Check out resources from Annual Event speakers and others who will open your eyes to God’s new things.
When “Spiritual but Not Religious” Is Not Enough: Seeing God in Surprising Places, Even the Church, Lillian Daniel. Jericho, 2013.
Playing off the cliché “I’m spiritual but not religious,” Daniel asks if it’s possible (and worthwhile) to search for God through religion? Humorous and sincere, this is a book about people finding God in the most unexpected of places: prisons, airports, yoga classes, committee meetings, and, strangest of all, right there in church. Through stories of what a life of faith can really be: weird, wondrous, and well worth trying—from a rock-and-roller sexton to a BB gun-toting grandma, from a church service attended by animals to a group of unlikely theologians at Sing Sing—Daniel shows us a portrait of church that is flawed, fallible, and deeply faithful. With poignant reflections and sly wit, Daniel invites all of us to step out of ourselves, dare to become a community, and encounter a God greater than we could ever invent.
Tell It Like It Is: Reclaiming the Practice of Testimony, Lillian Daniel. Rowman & Littlefield, 2005.

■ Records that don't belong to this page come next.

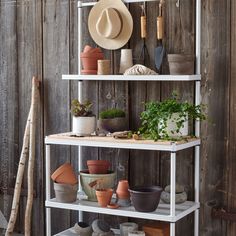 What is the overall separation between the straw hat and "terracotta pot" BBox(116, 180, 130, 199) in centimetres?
78

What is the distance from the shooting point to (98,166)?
10.9 ft

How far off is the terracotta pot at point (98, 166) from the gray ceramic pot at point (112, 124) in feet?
0.62

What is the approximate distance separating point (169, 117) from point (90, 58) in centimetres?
63

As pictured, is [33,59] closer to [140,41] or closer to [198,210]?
[140,41]

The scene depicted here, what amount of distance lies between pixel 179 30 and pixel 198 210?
3.26ft

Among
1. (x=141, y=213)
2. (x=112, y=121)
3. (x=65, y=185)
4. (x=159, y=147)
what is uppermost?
(x=112, y=121)

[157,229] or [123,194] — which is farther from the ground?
[123,194]

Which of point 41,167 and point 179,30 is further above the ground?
point 179,30

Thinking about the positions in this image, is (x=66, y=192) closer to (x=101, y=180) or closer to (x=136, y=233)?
(x=101, y=180)

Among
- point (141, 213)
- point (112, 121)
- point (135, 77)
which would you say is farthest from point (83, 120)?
point (141, 213)

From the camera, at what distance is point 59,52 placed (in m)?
3.68

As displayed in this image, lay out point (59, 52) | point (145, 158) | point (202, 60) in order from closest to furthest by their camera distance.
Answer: point (202, 60), point (145, 158), point (59, 52)

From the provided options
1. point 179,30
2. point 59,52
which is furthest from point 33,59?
point 179,30

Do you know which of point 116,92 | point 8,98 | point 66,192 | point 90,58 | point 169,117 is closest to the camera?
point 169,117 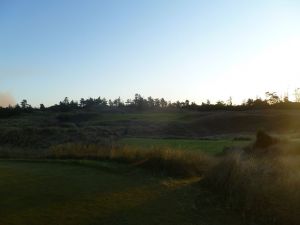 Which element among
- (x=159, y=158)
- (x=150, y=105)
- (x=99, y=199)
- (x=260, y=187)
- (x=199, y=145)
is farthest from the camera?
(x=150, y=105)

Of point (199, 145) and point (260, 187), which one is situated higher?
→ point (260, 187)

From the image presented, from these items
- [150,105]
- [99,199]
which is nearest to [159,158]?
[99,199]

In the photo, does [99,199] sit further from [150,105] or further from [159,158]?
[150,105]

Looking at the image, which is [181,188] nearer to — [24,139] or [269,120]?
[24,139]

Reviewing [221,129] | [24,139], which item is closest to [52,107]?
[221,129]

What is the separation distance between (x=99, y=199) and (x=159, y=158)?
7561 millimetres

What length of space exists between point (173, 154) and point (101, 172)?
393cm

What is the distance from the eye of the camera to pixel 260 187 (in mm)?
13031

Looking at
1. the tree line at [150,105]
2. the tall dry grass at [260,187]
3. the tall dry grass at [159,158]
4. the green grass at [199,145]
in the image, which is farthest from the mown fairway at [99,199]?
the tree line at [150,105]

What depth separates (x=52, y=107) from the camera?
140500 millimetres

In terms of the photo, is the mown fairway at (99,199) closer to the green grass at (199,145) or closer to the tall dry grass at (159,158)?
the tall dry grass at (159,158)

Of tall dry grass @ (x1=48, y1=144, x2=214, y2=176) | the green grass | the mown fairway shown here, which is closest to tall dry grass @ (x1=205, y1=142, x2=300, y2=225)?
the mown fairway

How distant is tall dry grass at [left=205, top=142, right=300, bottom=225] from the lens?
11984 millimetres

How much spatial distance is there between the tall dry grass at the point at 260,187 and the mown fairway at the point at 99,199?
25.1 inches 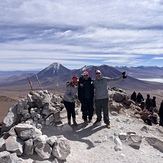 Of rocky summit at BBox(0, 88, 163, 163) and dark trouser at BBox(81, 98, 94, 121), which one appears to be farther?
dark trouser at BBox(81, 98, 94, 121)

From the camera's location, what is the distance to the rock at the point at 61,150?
880 cm

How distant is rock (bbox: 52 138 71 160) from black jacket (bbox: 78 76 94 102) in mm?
2636

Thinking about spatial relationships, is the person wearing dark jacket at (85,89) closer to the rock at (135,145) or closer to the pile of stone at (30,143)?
the pile of stone at (30,143)

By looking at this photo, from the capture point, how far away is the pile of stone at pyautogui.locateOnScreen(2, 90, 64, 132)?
12.0 m

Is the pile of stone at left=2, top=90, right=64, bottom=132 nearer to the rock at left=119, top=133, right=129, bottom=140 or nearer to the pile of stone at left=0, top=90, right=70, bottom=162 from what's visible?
the pile of stone at left=0, top=90, right=70, bottom=162

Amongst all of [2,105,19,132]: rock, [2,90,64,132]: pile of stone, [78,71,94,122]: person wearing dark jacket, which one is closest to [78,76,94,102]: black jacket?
[78,71,94,122]: person wearing dark jacket

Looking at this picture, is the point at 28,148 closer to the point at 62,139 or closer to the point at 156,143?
the point at 62,139

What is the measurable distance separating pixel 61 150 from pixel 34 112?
12.4 feet

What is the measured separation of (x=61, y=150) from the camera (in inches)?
352

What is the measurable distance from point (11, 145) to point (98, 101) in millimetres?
4398

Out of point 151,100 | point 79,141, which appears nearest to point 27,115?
point 79,141

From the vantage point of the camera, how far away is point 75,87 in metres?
11.3

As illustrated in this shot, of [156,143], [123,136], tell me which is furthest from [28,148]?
[156,143]

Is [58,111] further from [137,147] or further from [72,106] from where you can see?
[137,147] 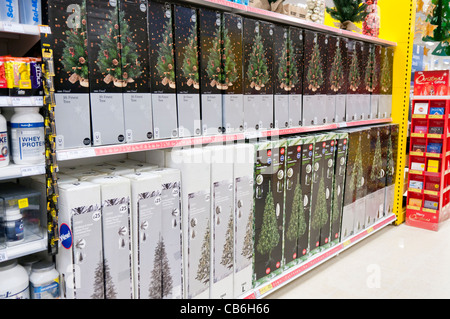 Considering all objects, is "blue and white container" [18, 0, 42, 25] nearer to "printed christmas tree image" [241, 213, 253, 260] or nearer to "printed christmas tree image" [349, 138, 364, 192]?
"printed christmas tree image" [241, 213, 253, 260]

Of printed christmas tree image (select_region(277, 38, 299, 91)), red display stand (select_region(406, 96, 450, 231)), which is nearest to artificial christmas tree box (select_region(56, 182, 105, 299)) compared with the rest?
printed christmas tree image (select_region(277, 38, 299, 91))

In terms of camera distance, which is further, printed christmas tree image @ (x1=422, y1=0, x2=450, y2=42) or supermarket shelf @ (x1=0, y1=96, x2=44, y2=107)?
printed christmas tree image @ (x1=422, y1=0, x2=450, y2=42)

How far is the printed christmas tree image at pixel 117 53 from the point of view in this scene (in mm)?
1360

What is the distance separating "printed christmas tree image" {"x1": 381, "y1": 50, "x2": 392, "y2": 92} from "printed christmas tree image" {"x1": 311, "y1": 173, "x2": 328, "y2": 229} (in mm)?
1264

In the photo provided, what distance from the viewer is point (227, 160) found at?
179 cm

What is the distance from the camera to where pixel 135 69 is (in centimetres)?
145

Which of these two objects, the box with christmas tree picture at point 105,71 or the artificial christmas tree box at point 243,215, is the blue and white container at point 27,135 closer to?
the box with christmas tree picture at point 105,71

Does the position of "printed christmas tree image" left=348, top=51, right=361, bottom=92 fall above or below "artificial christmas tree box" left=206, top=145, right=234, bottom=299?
above

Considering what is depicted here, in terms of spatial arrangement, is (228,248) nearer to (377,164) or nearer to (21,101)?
(21,101)

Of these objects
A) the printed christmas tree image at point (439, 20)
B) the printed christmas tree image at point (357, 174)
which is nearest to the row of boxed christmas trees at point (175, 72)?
the printed christmas tree image at point (357, 174)

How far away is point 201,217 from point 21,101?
2.89 feet

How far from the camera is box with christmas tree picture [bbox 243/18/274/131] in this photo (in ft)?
6.23

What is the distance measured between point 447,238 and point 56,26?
333 centimetres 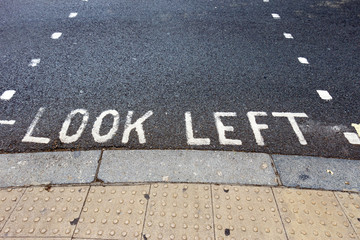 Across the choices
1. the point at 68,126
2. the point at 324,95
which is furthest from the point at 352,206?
the point at 68,126

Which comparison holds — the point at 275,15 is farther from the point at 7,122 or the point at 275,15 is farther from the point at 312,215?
the point at 7,122

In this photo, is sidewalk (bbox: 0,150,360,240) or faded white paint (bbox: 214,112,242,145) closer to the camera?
sidewalk (bbox: 0,150,360,240)

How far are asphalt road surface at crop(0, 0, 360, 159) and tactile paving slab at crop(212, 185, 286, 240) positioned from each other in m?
0.61

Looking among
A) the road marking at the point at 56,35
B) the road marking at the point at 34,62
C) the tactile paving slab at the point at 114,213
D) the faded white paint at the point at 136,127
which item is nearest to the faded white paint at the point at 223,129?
the faded white paint at the point at 136,127

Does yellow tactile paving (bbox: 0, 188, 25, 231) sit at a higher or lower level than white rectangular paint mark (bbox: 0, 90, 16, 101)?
lower

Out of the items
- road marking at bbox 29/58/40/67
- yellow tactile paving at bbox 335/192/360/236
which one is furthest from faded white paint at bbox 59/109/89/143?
yellow tactile paving at bbox 335/192/360/236

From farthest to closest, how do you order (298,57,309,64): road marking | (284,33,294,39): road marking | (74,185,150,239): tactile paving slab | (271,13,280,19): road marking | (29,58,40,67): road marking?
(271,13,280,19): road marking < (284,33,294,39): road marking < (298,57,309,64): road marking < (29,58,40,67): road marking < (74,185,150,239): tactile paving slab

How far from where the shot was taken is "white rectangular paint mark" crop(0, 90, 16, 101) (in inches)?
140

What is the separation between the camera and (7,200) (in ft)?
7.84

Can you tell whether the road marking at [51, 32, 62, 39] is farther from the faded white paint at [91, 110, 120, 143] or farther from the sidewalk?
the sidewalk

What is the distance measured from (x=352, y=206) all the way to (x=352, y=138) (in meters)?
1.02

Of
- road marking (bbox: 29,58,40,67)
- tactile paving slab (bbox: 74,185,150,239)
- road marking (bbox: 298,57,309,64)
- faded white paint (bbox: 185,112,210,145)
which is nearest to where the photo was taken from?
tactile paving slab (bbox: 74,185,150,239)

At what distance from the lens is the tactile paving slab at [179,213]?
7.09 ft

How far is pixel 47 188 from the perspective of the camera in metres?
2.50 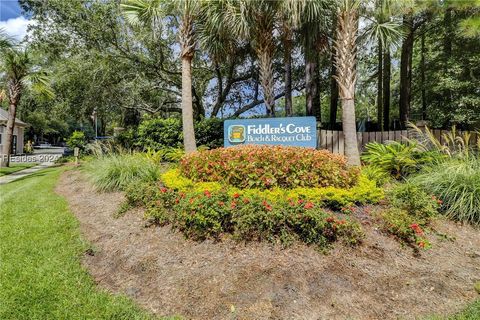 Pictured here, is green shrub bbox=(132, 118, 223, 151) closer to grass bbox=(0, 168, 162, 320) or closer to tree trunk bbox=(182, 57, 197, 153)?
tree trunk bbox=(182, 57, 197, 153)

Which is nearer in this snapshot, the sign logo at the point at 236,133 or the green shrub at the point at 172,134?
the sign logo at the point at 236,133

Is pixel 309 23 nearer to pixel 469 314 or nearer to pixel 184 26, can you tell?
pixel 184 26

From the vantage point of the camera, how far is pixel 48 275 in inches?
133

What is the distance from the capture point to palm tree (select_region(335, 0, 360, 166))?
673 cm

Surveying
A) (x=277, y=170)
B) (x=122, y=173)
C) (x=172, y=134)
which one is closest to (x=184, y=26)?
(x=172, y=134)

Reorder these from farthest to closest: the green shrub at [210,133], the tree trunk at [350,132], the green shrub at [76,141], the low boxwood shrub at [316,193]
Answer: the green shrub at [76,141] < the green shrub at [210,133] < the tree trunk at [350,132] < the low boxwood shrub at [316,193]

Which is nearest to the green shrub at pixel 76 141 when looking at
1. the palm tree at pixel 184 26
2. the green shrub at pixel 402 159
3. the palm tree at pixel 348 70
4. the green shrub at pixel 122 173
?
the palm tree at pixel 184 26

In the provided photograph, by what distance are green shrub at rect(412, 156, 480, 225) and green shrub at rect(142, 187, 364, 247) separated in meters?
2.07

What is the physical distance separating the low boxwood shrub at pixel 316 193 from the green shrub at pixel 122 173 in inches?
69.2

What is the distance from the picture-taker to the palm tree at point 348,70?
673 cm

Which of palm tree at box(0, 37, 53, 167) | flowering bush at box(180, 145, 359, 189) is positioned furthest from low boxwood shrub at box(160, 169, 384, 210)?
palm tree at box(0, 37, 53, 167)

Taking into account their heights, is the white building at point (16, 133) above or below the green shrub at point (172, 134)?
above

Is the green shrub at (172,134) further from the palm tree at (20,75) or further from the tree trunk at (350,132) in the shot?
the palm tree at (20,75)

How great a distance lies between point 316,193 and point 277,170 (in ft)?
2.32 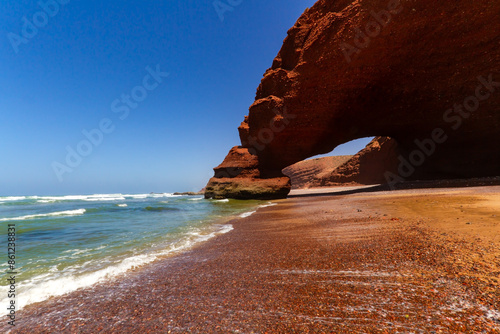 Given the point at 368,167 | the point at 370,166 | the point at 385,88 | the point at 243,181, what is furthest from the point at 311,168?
the point at 385,88

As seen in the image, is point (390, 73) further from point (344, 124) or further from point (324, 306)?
point (324, 306)

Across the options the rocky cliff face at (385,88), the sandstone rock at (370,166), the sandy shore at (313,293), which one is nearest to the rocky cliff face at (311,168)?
the sandstone rock at (370,166)

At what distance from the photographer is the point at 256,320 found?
164 centimetres

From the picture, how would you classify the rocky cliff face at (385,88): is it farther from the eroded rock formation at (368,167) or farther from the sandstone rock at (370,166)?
the sandstone rock at (370,166)

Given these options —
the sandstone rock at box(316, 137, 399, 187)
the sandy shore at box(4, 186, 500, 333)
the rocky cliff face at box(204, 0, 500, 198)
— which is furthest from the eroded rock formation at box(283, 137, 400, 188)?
the sandy shore at box(4, 186, 500, 333)

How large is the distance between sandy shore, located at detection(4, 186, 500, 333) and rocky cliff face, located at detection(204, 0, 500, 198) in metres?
15.8

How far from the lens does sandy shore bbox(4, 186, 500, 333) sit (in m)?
1.51

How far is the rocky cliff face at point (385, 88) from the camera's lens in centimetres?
1374

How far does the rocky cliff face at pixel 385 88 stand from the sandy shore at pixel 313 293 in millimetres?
15795

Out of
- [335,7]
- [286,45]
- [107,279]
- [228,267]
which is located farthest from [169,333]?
[286,45]

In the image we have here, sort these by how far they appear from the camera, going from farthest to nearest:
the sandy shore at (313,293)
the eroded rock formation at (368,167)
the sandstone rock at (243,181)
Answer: the eroded rock formation at (368,167) < the sandstone rock at (243,181) < the sandy shore at (313,293)

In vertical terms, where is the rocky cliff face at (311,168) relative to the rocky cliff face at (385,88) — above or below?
below

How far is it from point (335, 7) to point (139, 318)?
21416mm

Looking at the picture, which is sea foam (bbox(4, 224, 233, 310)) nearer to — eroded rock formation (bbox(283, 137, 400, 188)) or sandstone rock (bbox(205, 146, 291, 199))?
sandstone rock (bbox(205, 146, 291, 199)) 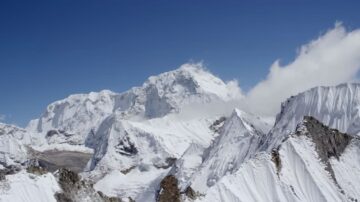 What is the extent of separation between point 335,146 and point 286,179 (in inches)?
1240

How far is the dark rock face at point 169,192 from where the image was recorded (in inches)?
5773

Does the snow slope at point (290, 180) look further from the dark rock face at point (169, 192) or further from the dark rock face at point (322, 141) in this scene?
the dark rock face at point (169, 192)

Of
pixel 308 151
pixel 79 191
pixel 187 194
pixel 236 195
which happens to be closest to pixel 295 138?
pixel 308 151

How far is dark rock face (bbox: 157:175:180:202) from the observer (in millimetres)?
146625

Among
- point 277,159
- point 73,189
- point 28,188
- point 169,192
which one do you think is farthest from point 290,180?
point 28,188

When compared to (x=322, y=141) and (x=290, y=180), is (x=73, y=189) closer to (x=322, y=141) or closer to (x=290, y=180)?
(x=290, y=180)

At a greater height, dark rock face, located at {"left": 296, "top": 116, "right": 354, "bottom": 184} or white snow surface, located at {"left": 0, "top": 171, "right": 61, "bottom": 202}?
dark rock face, located at {"left": 296, "top": 116, "right": 354, "bottom": 184}

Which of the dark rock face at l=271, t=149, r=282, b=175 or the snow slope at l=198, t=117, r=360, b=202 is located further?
the dark rock face at l=271, t=149, r=282, b=175

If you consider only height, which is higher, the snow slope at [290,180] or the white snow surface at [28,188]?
the snow slope at [290,180]

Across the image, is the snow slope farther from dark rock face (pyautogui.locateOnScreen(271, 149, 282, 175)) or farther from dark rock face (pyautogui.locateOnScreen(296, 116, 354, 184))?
dark rock face (pyautogui.locateOnScreen(296, 116, 354, 184))

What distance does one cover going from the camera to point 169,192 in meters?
148

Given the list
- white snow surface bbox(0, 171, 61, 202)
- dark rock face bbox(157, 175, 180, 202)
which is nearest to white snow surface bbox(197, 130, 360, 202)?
dark rock face bbox(157, 175, 180, 202)

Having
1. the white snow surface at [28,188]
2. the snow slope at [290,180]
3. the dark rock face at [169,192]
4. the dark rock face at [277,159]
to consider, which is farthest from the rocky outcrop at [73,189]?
the dark rock face at [277,159]

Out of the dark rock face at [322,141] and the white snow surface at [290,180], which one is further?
the dark rock face at [322,141]
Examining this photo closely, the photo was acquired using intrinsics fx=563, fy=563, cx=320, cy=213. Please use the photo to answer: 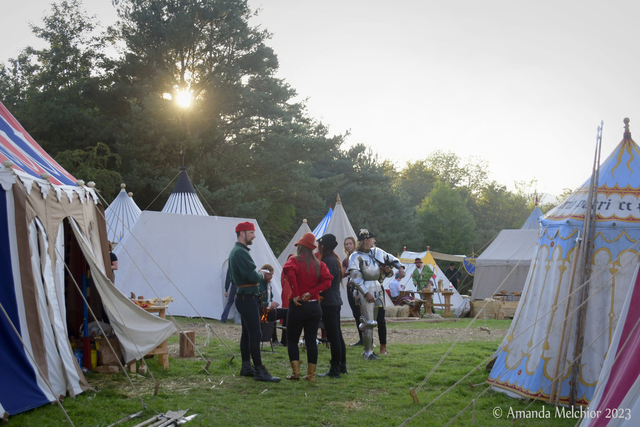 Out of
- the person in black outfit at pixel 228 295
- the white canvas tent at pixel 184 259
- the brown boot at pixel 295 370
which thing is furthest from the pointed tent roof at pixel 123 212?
the brown boot at pixel 295 370

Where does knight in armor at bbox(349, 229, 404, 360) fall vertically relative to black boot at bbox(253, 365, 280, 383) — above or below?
above

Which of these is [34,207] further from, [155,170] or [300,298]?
[155,170]

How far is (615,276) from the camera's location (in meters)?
4.28

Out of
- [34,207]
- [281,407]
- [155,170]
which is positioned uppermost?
[155,170]

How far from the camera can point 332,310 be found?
573 cm

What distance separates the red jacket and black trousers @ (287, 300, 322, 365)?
94 mm

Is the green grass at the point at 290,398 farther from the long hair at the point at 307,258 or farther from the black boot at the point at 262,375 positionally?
the long hair at the point at 307,258

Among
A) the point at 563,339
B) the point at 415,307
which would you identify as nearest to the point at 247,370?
the point at 563,339

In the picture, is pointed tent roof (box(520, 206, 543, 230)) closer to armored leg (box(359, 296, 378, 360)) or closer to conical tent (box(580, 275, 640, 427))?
armored leg (box(359, 296, 378, 360))

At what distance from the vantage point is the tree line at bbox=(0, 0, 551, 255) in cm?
1878

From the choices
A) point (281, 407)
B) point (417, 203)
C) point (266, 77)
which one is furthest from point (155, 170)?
point (417, 203)

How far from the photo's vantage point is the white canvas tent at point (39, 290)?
163 inches

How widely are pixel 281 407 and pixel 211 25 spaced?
61.8ft

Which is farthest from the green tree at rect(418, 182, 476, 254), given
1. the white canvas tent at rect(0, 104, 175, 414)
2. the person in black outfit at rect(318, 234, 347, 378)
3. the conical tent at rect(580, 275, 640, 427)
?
the conical tent at rect(580, 275, 640, 427) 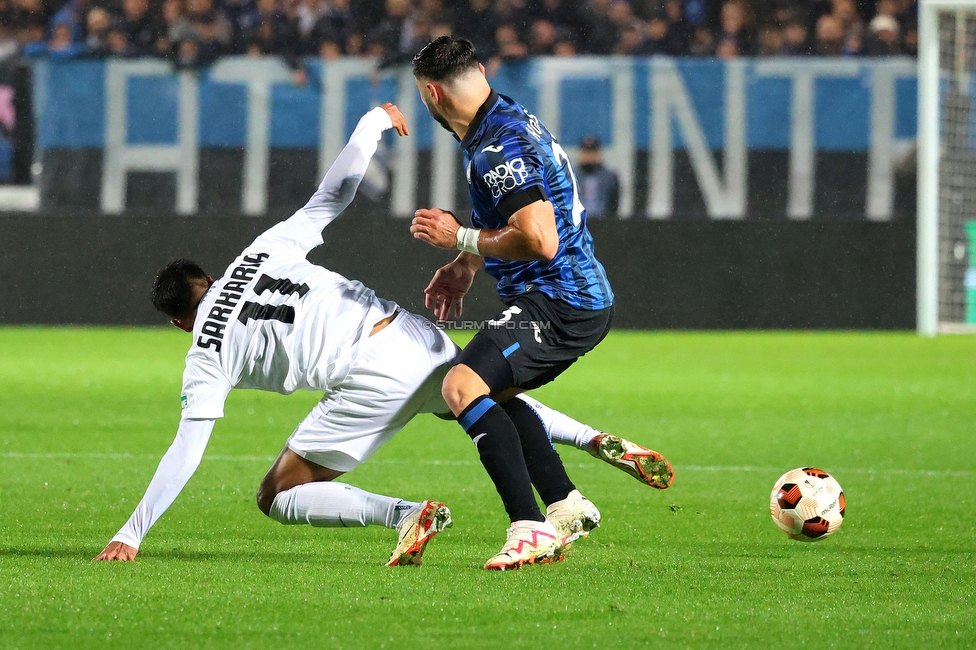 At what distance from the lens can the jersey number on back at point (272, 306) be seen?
4.52 meters

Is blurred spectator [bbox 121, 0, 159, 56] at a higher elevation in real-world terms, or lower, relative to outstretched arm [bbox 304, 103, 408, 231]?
higher

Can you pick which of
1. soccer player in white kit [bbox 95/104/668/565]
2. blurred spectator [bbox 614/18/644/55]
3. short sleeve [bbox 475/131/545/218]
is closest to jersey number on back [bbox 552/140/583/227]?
short sleeve [bbox 475/131/545/218]

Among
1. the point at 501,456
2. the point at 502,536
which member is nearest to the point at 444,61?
the point at 501,456

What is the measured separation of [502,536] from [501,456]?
859 mm

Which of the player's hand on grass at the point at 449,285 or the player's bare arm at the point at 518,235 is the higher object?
the player's bare arm at the point at 518,235

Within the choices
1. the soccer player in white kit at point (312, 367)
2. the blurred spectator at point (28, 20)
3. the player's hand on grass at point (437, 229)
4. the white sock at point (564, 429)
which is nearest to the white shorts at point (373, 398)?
the soccer player in white kit at point (312, 367)

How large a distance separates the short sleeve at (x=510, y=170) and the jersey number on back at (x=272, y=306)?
0.73 metres

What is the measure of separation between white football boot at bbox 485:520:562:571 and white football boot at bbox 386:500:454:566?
203 mm

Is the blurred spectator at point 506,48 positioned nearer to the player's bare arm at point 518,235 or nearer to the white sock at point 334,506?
the player's bare arm at point 518,235

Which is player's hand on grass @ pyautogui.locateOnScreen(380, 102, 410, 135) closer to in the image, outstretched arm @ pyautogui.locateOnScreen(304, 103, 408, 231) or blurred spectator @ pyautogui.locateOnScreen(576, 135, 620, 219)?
outstretched arm @ pyautogui.locateOnScreen(304, 103, 408, 231)

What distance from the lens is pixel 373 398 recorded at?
4.60 metres

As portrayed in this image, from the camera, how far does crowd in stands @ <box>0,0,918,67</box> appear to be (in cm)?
1664

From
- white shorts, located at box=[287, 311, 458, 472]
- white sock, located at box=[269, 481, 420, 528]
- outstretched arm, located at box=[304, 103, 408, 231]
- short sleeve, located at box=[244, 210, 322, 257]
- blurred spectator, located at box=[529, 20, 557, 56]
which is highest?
blurred spectator, located at box=[529, 20, 557, 56]

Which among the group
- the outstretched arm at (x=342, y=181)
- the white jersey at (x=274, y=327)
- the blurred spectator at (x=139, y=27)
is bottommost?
the white jersey at (x=274, y=327) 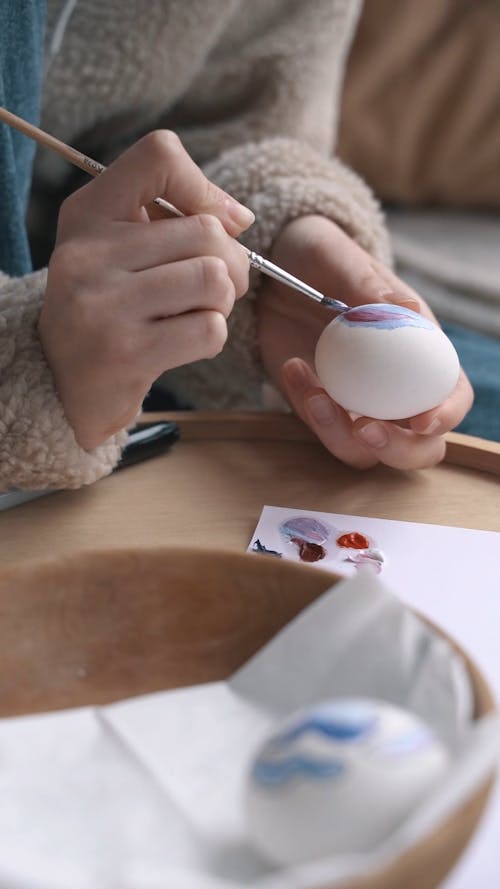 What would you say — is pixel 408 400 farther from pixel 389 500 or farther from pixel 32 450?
pixel 32 450

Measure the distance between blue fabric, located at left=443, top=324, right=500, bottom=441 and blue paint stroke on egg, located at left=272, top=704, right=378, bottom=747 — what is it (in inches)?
20.6

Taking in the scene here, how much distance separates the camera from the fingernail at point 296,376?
615mm

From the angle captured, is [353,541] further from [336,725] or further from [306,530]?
[336,725]

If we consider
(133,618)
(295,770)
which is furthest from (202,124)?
(295,770)

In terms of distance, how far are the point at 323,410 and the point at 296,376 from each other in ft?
0.17

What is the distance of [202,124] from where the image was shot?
37.1 inches

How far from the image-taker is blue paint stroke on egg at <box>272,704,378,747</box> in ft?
0.83

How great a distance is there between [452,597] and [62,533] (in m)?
0.20

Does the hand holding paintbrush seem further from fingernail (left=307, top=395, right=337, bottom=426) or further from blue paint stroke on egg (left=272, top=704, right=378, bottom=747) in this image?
blue paint stroke on egg (left=272, top=704, right=378, bottom=747)

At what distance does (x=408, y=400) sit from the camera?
21.0 inches

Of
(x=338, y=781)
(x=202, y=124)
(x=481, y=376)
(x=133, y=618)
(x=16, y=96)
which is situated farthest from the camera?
(x=202, y=124)

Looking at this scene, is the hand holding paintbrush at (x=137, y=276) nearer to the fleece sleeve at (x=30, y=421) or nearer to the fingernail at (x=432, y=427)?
the fleece sleeve at (x=30, y=421)

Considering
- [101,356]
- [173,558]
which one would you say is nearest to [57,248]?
[101,356]

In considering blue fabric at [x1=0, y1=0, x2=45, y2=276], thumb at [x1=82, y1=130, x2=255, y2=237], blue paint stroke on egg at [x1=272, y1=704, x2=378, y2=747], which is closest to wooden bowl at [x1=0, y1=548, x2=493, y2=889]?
blue paint stroke on egg at [x1=272, y1=704, x2=378, y2=747]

This book is about testimony—people standing before brothers and sisters in faith and sharing stories of how God has moved in their lives. Tom Long says this about the book: “With candor, theological insight, and pastoral wisdom, Daniel describes how testimony can deeply affect, and finally transform, the life of a congregation. Prepare to learn here about the practice of testimony, but prepare also to be touched by the courage and honesty of people speaking aloud their experiences of faith.”
20 Ways to Add More Prayer to Your Life, Lillian Daniel. Pilgrim, 2011.
Part of the YOUR LIFE, BETTER series, this book by Daniel offers 20 practical suggestions for making prayer a more regular, rhythmic part of your daily routine and thus to nourish your spiritual side.
This Odd and Wondrous Calling: The Public and Private Lives of Two Ministers, Lillian Daniel and Martin B. Copenhaver. Eerdmans, 2009.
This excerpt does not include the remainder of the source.